Geoff faced a very stark landscape for theatre when he came back from studying directorship at Lamda in London in 2009. ‘I had no job, it was Celtic Tiger collapse time with nothing happening. My grandfather and mother used to tell me stories about the fit-ups and I thought I have got to do something, so I put a couple of lamps in the back of the car and brought the wonderful Joan Sheehy, a one-woman-show, with me, and we went from there.
‘The first five years were very tough. Our costs were way higher than our income but Cork County Council was very good to us from the get-go. Then the Arts Council came on board and that made it a lot easier. You just couldn’t do it without their help, it would be impossible.’
Geoff worked with the bank in the 90s but had also done amateur theatre which got him the role as the artistic director at the Everyman Theatre in Cork where he worked for five years before heading to London to train as a theatre director.Community and inclusion are very important to Geoff. A shared experience. He notes that these days in most homes, family members will each be watching something on individual screens.
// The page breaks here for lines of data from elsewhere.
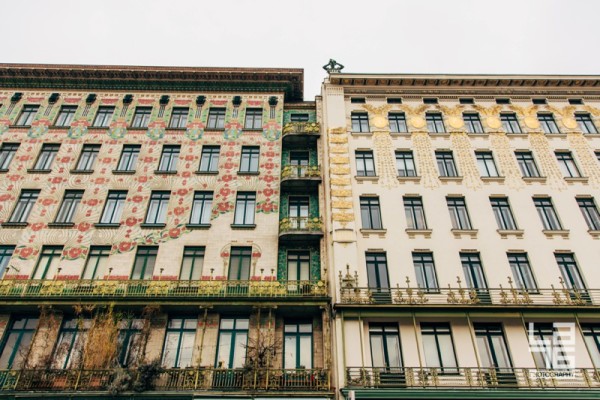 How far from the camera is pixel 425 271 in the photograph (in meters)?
20.9

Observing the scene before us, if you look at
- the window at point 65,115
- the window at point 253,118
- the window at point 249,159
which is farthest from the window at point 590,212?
the window at point 65,115

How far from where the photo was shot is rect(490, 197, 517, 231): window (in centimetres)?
2233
‘I find that if you can get everyone to go and see something together – and within the community that surrounds them – there is something lovely about the shared experience. The fit-up ticket price of €15 is the smallest in the country and the subsidy we receive is to encourage people to go. For me, it’s about keeping the elitism out of it. We have had people coming to the fit-up who never saw a theatre show and that is the true measure of success.’
Geoff says that rather than people attending a big theatre that is expensive and a bit nerve-wrecking for some, because they think they won’t understand it and because of travel and accommodation logistics – especially for those coming from islands – the fit-ups are a success because the performers are the ones who are the guests in the local halls.
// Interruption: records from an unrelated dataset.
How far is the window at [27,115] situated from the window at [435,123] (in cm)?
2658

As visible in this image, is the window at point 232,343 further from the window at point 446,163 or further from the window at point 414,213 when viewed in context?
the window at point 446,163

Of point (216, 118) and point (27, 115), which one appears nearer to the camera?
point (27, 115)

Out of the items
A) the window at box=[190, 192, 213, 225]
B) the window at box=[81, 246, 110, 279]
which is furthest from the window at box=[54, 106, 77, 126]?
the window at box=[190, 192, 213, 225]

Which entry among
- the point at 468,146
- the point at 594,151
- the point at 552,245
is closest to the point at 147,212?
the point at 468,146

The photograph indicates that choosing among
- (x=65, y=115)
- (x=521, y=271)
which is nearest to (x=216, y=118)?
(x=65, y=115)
It is difficult to get children’s shows in the rural areas during the summer months as the children’s performers tend to stay in the cities while the schools are on break, but this summer, Geoff has lined up two circus shows, one from Spain and one from Waterford, which are both great pieces of work and which will be available for free.
Getting shows for the adult theatre has a different problem in that it is usually oversubscribed with plenty of choices and the fit-up can only take four shows, which is one a week for a four-week circuit.
‘That’s why I started the tents, there are a lot of young people coming out with lovely new shows and we couldn’t accommodate them. The tent gives them an intimate space where they can bring their show to about 60 to 80 seats. We want young writers to be seen and heard and bring them on to make sure they are still here in 20 years’ time. West Cork audiences are incredibly supportive, which makes it a great platform to launch from. We are also lucky in that we are just before the Edinburgh festival so over the years, lots of shows have warmed up in Ballydehob before going there.’
Geoff says it’s not all just entertainment. ‘Shows can be very entertaining, but we don’t run an entertainment factory and sometimes people can be disappointed because they think it’s comedy, but that’s not theatre. Theatre is whatever the voices are bringing to the table. Things that might make you think “I never looked at it that way before” can create epiphanies and the smallest things can make the biggest difference.
‘Theatre, as a shared experience that makes you think about and discuss things, is a wonderful thing. In our lives we end up talking about the same old stuff, but after a show you could get someone saying they loved it, and another who hated it, and suddenly there is a discussion.’
Geoff is striving to reach the 25th anniversary. ‘I am not saying it lightly, but without arts officer Ian McDonagh at Cork County Council and Regina O’Shea and Karl Wallace at the Arts Council, we would not be here celebrating the milestones and sharing professional theatre in the hearts of rural communities. This year, Creative Places West Cork Islands has also given us support.’